## [How to complete this task]
Below are records to transcribe exactly, without their pictures.

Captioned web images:

————

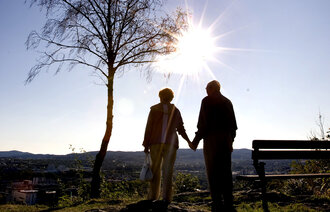 Bildet viser skyggene av to eldre mennesker som holder hender.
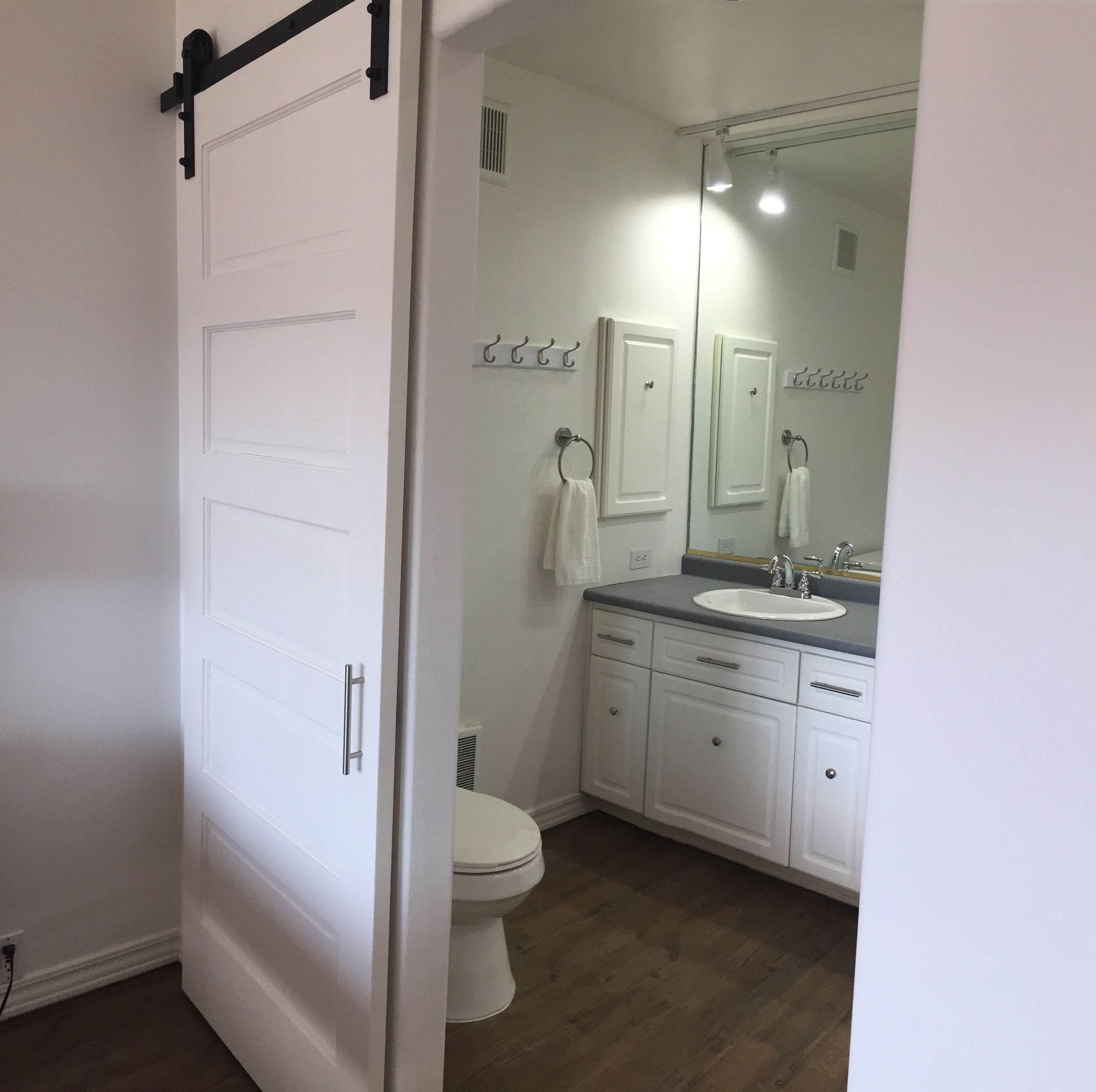 A bathroom with a white toilet, a sink, and a mirror.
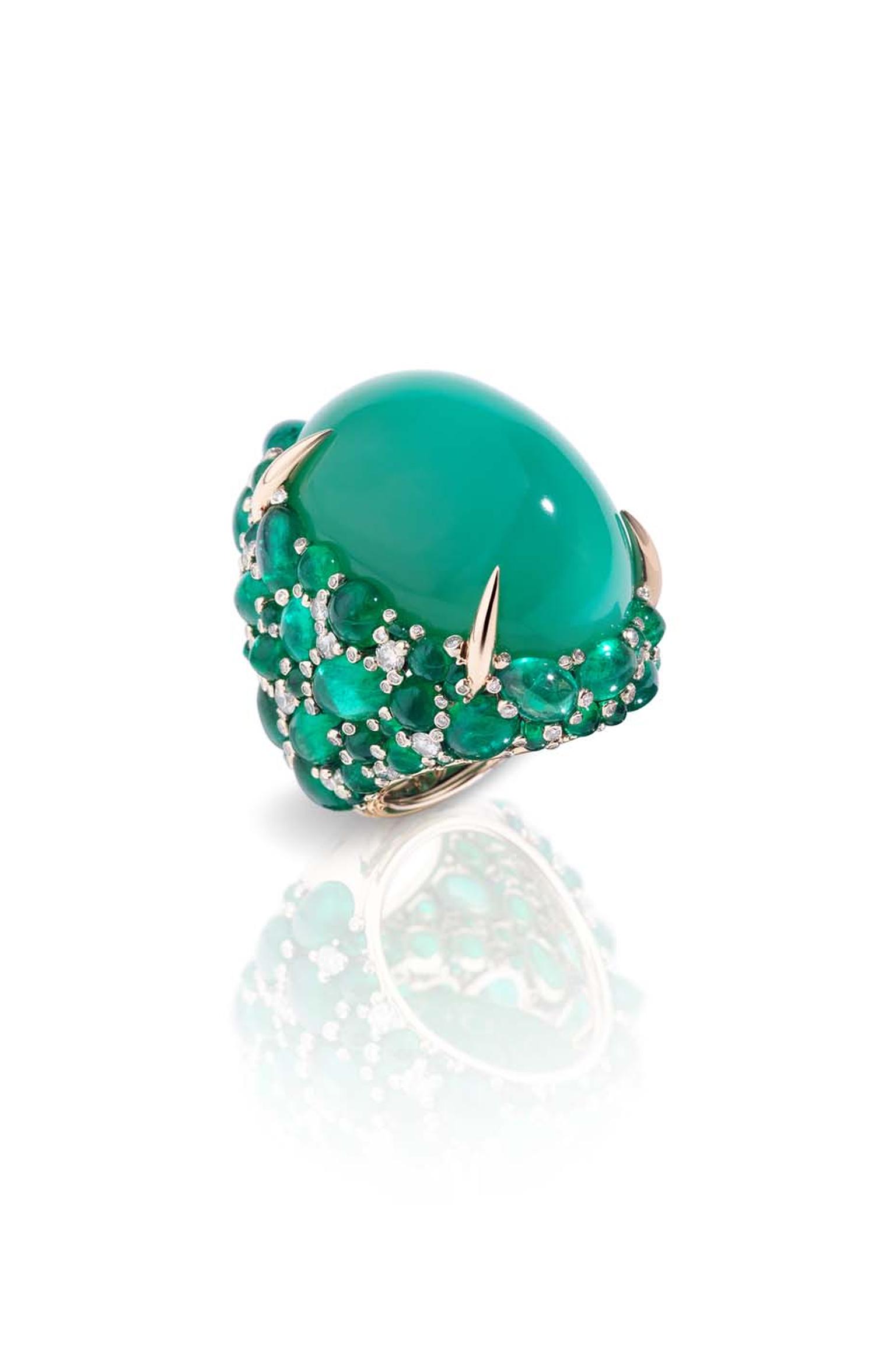 Pomellato Pom Pom griffe ring featuring a green chrysoprase surrounded by cabochon emeralds and diamonds.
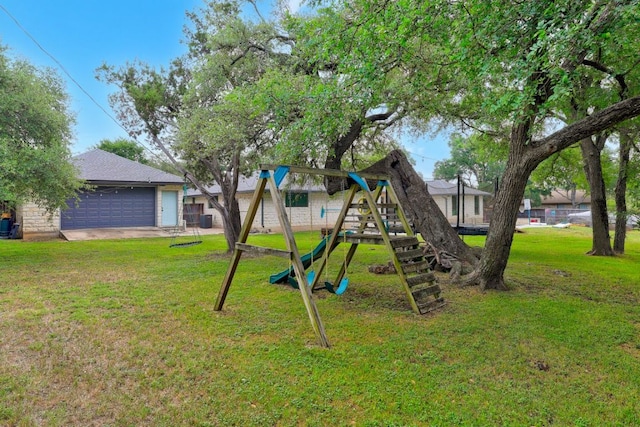 3701 Arrowhead Cir, Round Rock, TX 78681 - view of grassy yard with a playground and a detached garage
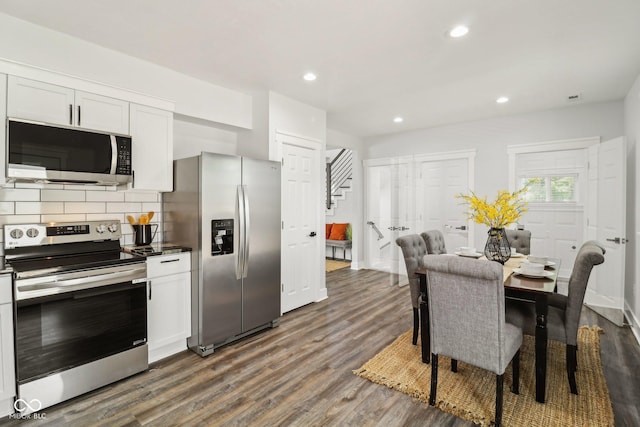 625 N Temple Ave, Indianapolis, IN 46201 - kitchen with appliances with stainless steel finishes, dark wood-type flooring, decorative backsplash, recessed lighting, and white cabinetry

————

## [Completed task]
 Bildet viser skyggene av to eldre mennesker som holder hender.
 A bathroom with a white toilet, a sink, and a mirror.
 Pomellato Pom Pom griffe ring featuring a green chrysoprase surrounded by cabochon emeralds and diamonds.
 3701 Arrowhead Cir, Round Rock, TX 78681 - view of grassy yard with a playground and a detached garage
 625 N Temple Ave, Indianapolis, IN 46201 - kitchen with appliances with stainless steel finishes, dark wood-type flooring, decorative backsplash, recessed lighting, and white cabinetry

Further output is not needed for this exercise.